Prompt -
In the entries below, find the line with "普里Hotel Janaki Pride, Puri" and the line with "Kennedy and Jacqueline"; copy them and every line between them exactly, but not the pictures.

Source material -
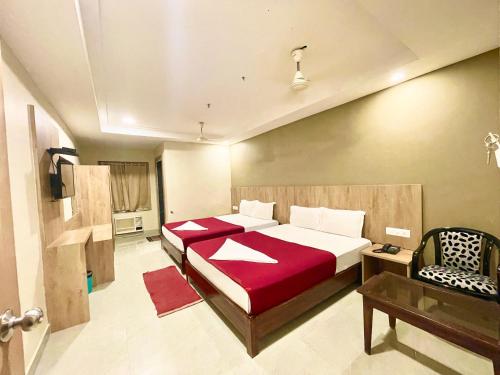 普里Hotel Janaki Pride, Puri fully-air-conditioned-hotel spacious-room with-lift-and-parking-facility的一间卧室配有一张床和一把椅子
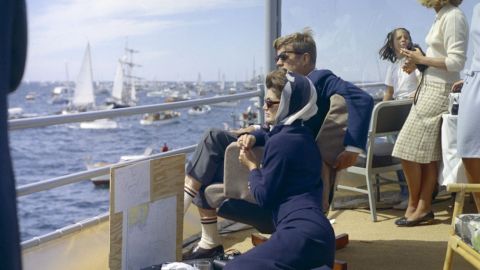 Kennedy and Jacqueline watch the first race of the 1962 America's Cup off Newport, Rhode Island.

...

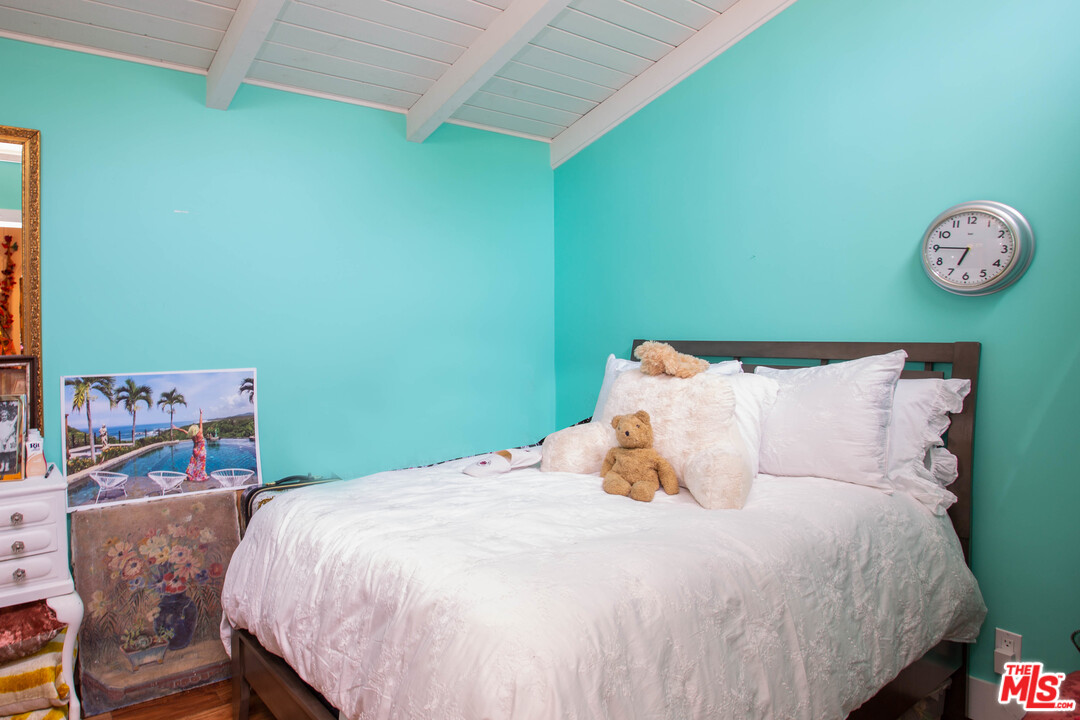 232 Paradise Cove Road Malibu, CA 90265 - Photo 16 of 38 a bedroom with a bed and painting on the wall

Written reply -
 普里Hotel Janaki Pride, Puri fully-air-conditioned-hotel spacious-room with-lift-and-parking-facility的一间卧室配有一张床和一把椅子
 Kennedy and Jacqueline watch the first race of the 1962 America's Cup off Newport, Rhode Island.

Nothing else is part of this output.